Dragon navigating the deep |
She's a new nurse. She plops herself in front of me at the nurse's station, exasperated. "I don't know what to do with this patient. He refuses to take any medications, he has verbally abused every case worker who has walked in there,
calling them a fat cow, spitting at staff. He won't deal with me. What would you do?" I feel a host of things in the moment. I first see her. She's beautiful; young, open, wanting to do good. I feel how brave she is. Admitting not knowing, something I myself avoided as a new nurse. Than I feel my age. She's reminded me, I'm older than her, she thinks I know something she doesn't. I sit squarely in front of her. I ask her to tell me what she knows about the patient. She tells me the social part of his history being, his son called the medics after he found the patient not being able to get off the floor of his home for three days. He was covered in his own excrement, having smeared it over walls and floors and brow beaten his wife into not calling for medical help earlier. I say, "So outside his primary medical diagnosis, we know a few other things. He's got a mental illness, he's got little control over his situation and he's terrified. What do you, as a nurse want to do, what's a priority?" "I want him to take his medication." This reply reminds me of our indoctrination in the medical system. We nurses have a job. In the pursuit of doing our job, we forget our calling. We adhere and attach to the control inherent in the act of caretaking and become distanced to our own humanity and that of others. I say, "Put on your compassion hat. He requires you make a relationship with him. He won't cooperate without that, and you will need the boundary setting on your end, he's big into manipulating. He needs some control back. You might want to address his terror." She looks at me. It's a different angle. She pops up out of the chair, like only a hopeful 20-something can, and heads off to his room. I give her a few minutes before I go stand at the patient's door to eavesdrop, interested in seeing what she creates. From my partially hidden viewpoint, I find her squatting at the bedside, eye level with him in the bed. Wow, I think, she IS brave to do that with a known spitter and shit-slinger. I can hear her being in her heart. She's calm and real with him and I hear him being responsive to this. Well done I think, as I move back to the nurse's station. She returns ecstatic. "He won't take the medication now, but has agreed to take it in an hour." Good job, I tell her.

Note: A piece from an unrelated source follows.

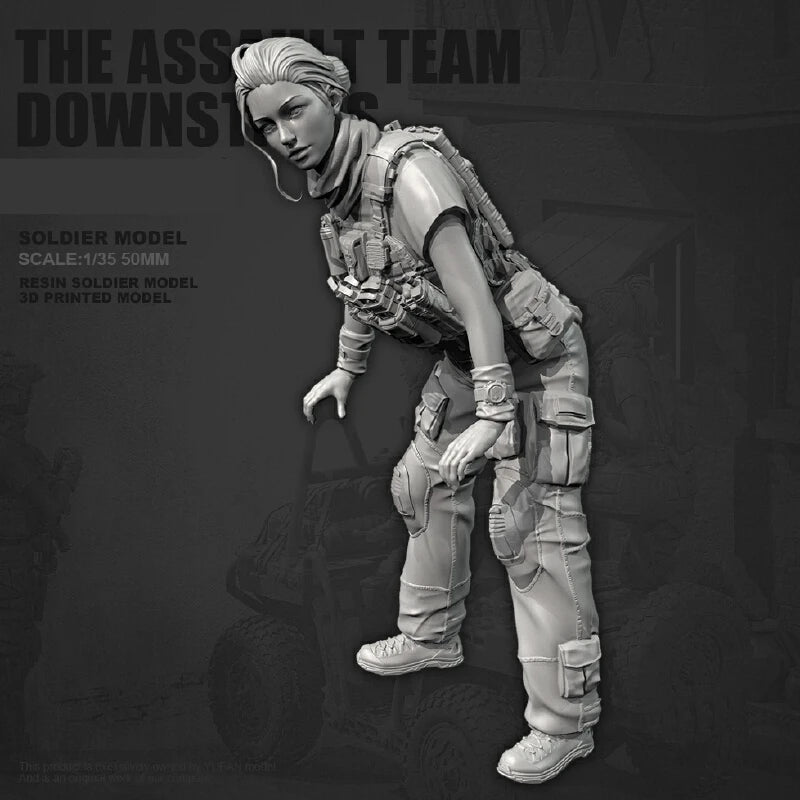 1/35 Modern Female Assault Operator in Tactical Vest, Resin Model Figure Kit, Unassembled and Unpainted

In an hour she comes to me deflated. "He only took one pill out of the six he is supposed to take. God, I can't believe it. I failed." Hurdles. I ask her which pill he took and she says what amounts to the most needed pill out of the six. I tell her congratulations. She connected with somebody almost impossible to connect to and he was able to move an inch by taking the major medication he needs. He's still terrified of losing control, that's a long term challenge she started to help him meet. It's not overnight or instantaneous. It's one engagement at a time, one pill at a time. She didn't fail. She began making relationship.